In [15]:
# Creating and demonstrating the requested functions for precomputed time-series analysis.
# This code will:
# 1. Define load_data(file_path, col, date_col='Date') that loads the CSV and prepares a DataFrame.
# 2. Define precompute_basic_features(df, price_col, windows=[7,30], rsi_window=14) that computes:
#    - rolling mean, median, std for the windows
#    - daily returns and cumulative returns
#    - SMA (rolling mean) and EMA
#    - rolling correlation with Volume (if present)
#    - volatility (std of returns)
#    - RSI and MACD
# 3. Define save_pre_analysis(df, original_path) to save to a new CSV with suffix "_pre_analysis".
# 4. Demonstrate running these functions on /mnt/data/goog_stock_data.csv using 'Close' if present.
# Note: this environment has no internet access. This will run locally and produce a CSV in /mnt/data.

import pandas as pd
import numpy as np
import os
from typing import List

def load_data(file_path: str, col: str, date_col: str = "Date", parse_dates: bool = True) -> pd.DataFrame:
    """
    Load CSV into a pandas DataFrame, set the date column as a datetime index (if present),
    and ensure the requested column exists.
    
    Parameters
    ---------
    file_path : str
        Path to the CSV file.
    col : str
        Name of the price column to focus on (e.g., 'Close').
    date_col : str
        Name of the date column. Defaults to 'Date'.
    parse_dates : bool
        Whether to parse the date column as datetime.
    
    Returns
    -------
    pd.DataFrame
        Loaded DataFrame with a datetime index (if date_col exists) and containing the requested column.
    """
    df = pd.read_csv(file_path)
    df["Date"] = pd.to_datetime(df["Date"], utc=True)
    df = df.set_index("Date").sort_index()
    # parse date column and set index if exists
    if parse_dates and date_col in df.columns:
        df[date_col] = pd.to_datetime(df[date_col], errors="coerce")
        if df[date_col].isnull().all():
            # failed parsing, keep as-is
            df = df.copy()
        else:
            df = df.set_index(date_col).sort_index()
    # ensure the requested column exists; if not, try to pick a sensible default
    if col not in df.columns:
        numeric_cols = df.select_dtypes(include=[np.number]).columns.tolist()
        fallback = numeric_cols[0] if numeric_cols else None
        raise ValueError(f"Column '{col}' not found in file. Numeric columns available: {numeric_cols}. "
                         f"Consider using one of those (e.g. '{fallback}').")
    return df

def _ema(series: pd.Series, span: int) -> pd.Series:
    return series.ewm(span=span, adjust=False).mean()

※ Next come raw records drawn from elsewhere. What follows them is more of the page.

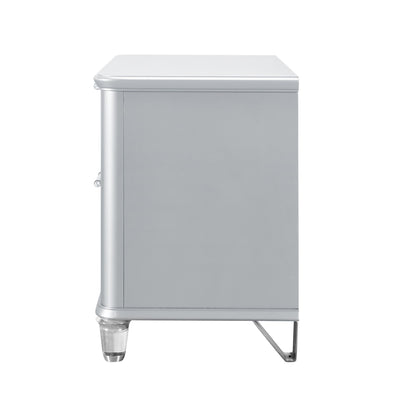 Laura - Nightstand With Sleek Frame And Fronts - Silver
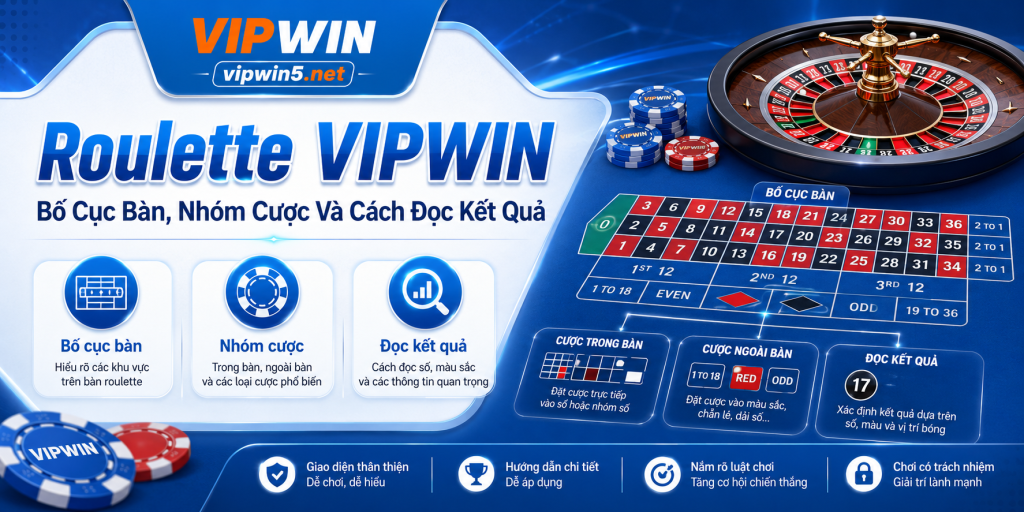 Roulette VIPWIN – Bố Cục Bàn, Nhóm Cược Và Cách Đọc Kết Quả
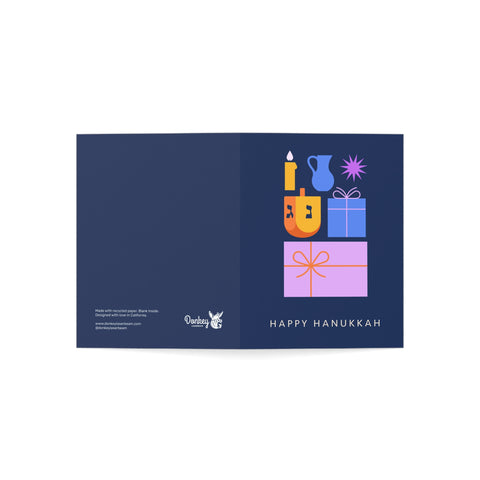 Happy Hanukkah Greeting Card — Hanukkah / Holiday Greeting Card - Illustrated, Modern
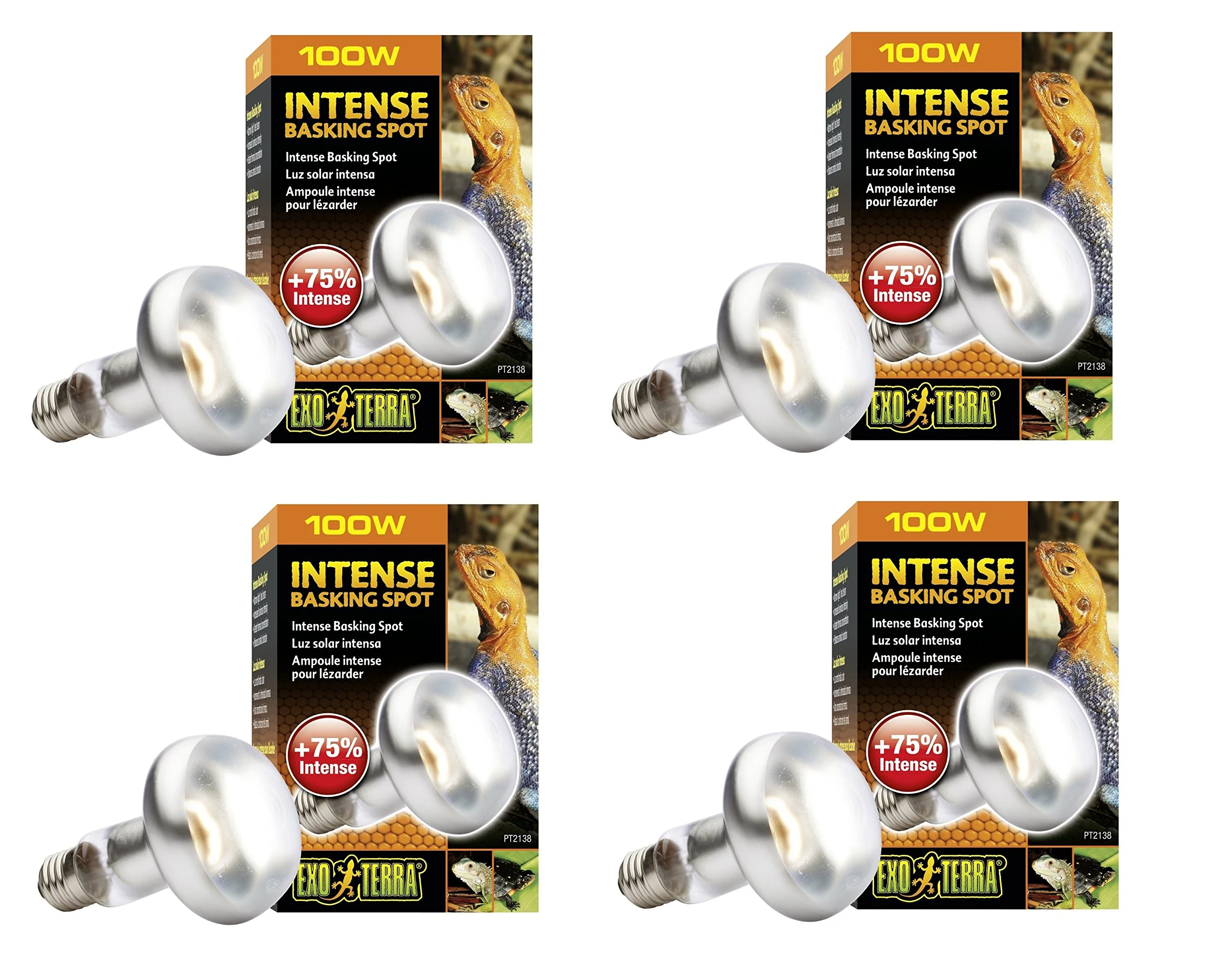 Quality Exo Terra Sun-Glo Basking Infrared Spot Lamp 100W 4 Pack – Tight Beam UVA Casual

def precompute_basic_features(df: pd.DataFrame, price_col: str,
                              windows: List[int] = [7, 30],
                              rsi_window: int = 14) -> pd.DataFrame:
    """
    Compute basic statistical/time-series features described by the user:
      - rolling mean, median, std for windows
      - daily returns and cumulative returns
      - SMA (rolling mean) and EMA
      - rolling correlations with Volume if present
      - volatility (std of returns)
      - RSI and MACD
    
    Returns a new DataFrame with added columns.
    """
    df = df.copy()
    price = df[price_col].astype(float)
    
    # Daily returns
    df['daily_return'] = price.pct_change()
    # Cumulative return from start
    df['cumulative_return'] = (1 + df['daily_return']).cumprod() - 1

    # Rolling stats and MAs/EMAs
    for w in windows:
        df[f'rolling_mean_{w}'] = price.rolling(window=w, min_periods=1).mean()
        df[f'rolling_median_{w}'] = price.rolling(window=w, min_periods=1).median()
        df[f'rolling_std_{w}'] = price.rolling(window=w, min_periods=1).std(ddof=0)
        # EMA and SMA (SMA = rolling mean)
        df[f'ema_{w}'] = _ema(price, span=w)
        df[f'sma_{w}'] = df[f'rolling_mean_{w}']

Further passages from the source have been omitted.